8 of my hives were drinking about 2 gallons a day before March 15th. Since the irrigation ditch is full and the 200 acres of alfalfa around my apiary is being irrigated they drink a little less than a gallon a day now.


----------



## Scrapfe (Jul 25, 2008)

Clay said:


> My bees get their water from my neighbor's koi pond...


Same here.
You shouldn’t feel bad about your bees drinking from your neighbor’s koi pond. Besides drinking your neighbor’s fish pond water, some of your bees are literally feeding your neighbor’s fish.

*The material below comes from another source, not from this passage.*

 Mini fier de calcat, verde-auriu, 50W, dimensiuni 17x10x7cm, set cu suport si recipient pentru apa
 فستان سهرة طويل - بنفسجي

Isn't that called a win win? 

IMHO, a little free honey is well worth having a dependable water source near you, especially a source as natural, as safe, and as dependable as a koi pond, and you don’t even have to maintain it. :applause:


----------



## Clay (Feb 18, 2011)

lazy shooter said:


> using the above assumptions, one hive would lower the pool water level about .07 inches per day.


Wow! that wasn't lazy math. haha, thanks for the calculations :thumbsup:

Scrapfe - I agree, I think it's a good trade.


----------



## DLMKA (Feb 7, 2012)

Either way, it's probably less than the evaporation rate on a sunny day.


----------



## Baldursson (Nov 22, 2011)

hmmmmmmm does 100% of the bees in a hive go out to drink? Do nurse and house bees leave for a sip of water? If not then you would be affecting it even less.


----------